L’elenco è lungo. Si aggiunge a quello di altri
che, pur lontani dalla pensione, dal " pubblico" emigrano al "privato".
In Italia e fuori. A New York il chirurgo oncologico Francesco Serafini
coordina gli interventi sui tumori del fegato e del pancreas per l’area
di Brooklyn. Formatosi a Roma, anche Antonio Daniele Pinna ora è ad Abu
Dahbi dove dirige il centro trapianti della Cleveland Clinic.

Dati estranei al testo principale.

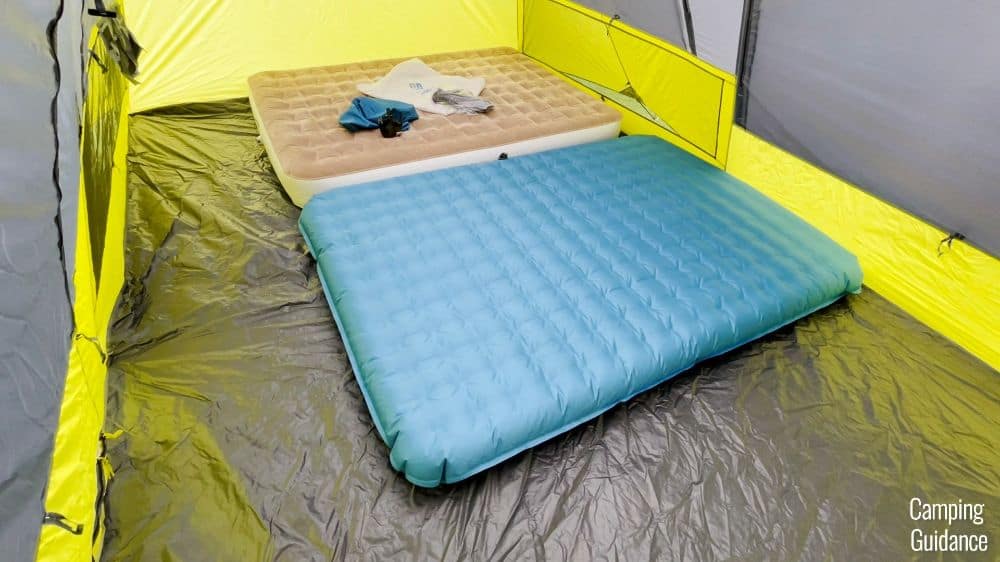 What 2 queen beds looks like inside the Core Instant Cabin 9.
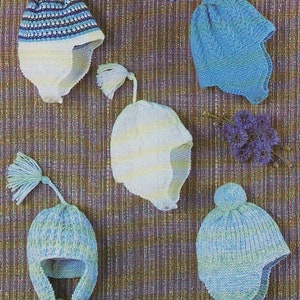 May include: Five knitted baby hats in blue and white colors. The hats have different styles and designs, including a hat with a pom-pom and a hat with a scarf.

L’ortopedico Michel Oransky, già primario al San Camillo, un mago nella
ricostruzione del bacino, è in forza all’Aurelia Hospital. La chirurga
Valentina Giacaglia, valente specialista delle patologie del pavimento
pelvico, da trenta mesi opera e insegna a Dubai. Carlo Eugenio Vitelli,
già direttore del dipartimento chirurgico, con sei reparti al San
Giovanni, ora è al Vannini a Tor Pignatara (vedi intervista). Lo ha
seguito Francesco Stipa, stessa formazione al Memorial Sloan Kettering
di New York.
« Con un contratto dei medici fermo a dieci anni fa —
commenta Alessio D’Amato, assessore regionale alla Sanità — con la
spesa per il personale inchiodata al 2014, per di più ridotta dell’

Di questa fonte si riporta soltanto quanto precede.